As for the game, the Mets came back from a 7-0 deficit and beat the Pirates, 9-8. According to this article in USA Today, it was their biggest come-from-behind win since June 30, 2000. Not bad, Mets. Not bad at all. But then again, it was against the Pirates, so it almost shouldn’t count.
• 379 balls in 44 games this season = 8.61 balls per game.
• 705 consecutive games with at least one ball
• 519 consecutive games in New York with at least one ball
• 372 consecutive Mets home games with at least one ball
• 231 consecutive games with at least two balls
• 150 lifetime game balls (134 foul balls, 15 home runs, and 1 ground-rule double)
• 5,041 total balls
(I’m raising money again this season for Pitch In For Baseball, a non-profit charity that provides baseball equipment to underprivileged kids all over the world. Click here to learn more.)
• 48 donors
• $6.94 pledged per ball (if you add up all the pledges)

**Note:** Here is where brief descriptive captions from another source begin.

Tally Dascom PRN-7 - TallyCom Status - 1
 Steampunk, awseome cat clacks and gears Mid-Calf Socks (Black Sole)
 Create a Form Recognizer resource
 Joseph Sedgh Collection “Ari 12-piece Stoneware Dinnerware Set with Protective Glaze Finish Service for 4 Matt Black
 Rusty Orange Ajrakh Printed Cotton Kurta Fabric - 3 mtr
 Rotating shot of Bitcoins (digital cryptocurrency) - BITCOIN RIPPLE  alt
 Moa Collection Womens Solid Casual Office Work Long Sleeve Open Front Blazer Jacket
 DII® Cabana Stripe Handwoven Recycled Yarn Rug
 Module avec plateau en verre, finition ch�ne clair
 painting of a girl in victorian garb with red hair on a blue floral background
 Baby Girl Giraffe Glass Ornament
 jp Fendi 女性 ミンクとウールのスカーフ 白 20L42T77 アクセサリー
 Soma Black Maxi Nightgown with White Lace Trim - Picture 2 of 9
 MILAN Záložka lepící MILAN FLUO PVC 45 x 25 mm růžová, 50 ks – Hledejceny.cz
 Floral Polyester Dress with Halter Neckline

• $41.64 raised at this game
• $2,630.26 raised this season
When I got home from the game, I wanted to get a photo of the baseballs with the softballs. It was a weird combination, though, and I struggled to find the best way to arrange them. This was my first attempt:
What do you think? Good?
I went for this next…
…followed by this:
My thinking for the photo above was that the softballs were spooning with the baseballs. (D’awww!)
Okay, here’s one more attempt. This one is my favorite:
(It KiNd Of LoOkS liKe ThIs.)
Finally, I have to share a four-part photo of the infield warm-up ball that I got from Luis Silverio. Remember that blog entry I posted several months ago called “Baseballs and black light“? Well, this ball doesn’t have a standard invisible ink stamp on it. Instead…I don’t even know how to describe it. Just look:
I’ve never thought of baseballs as being “trippy,” but this one might qualify.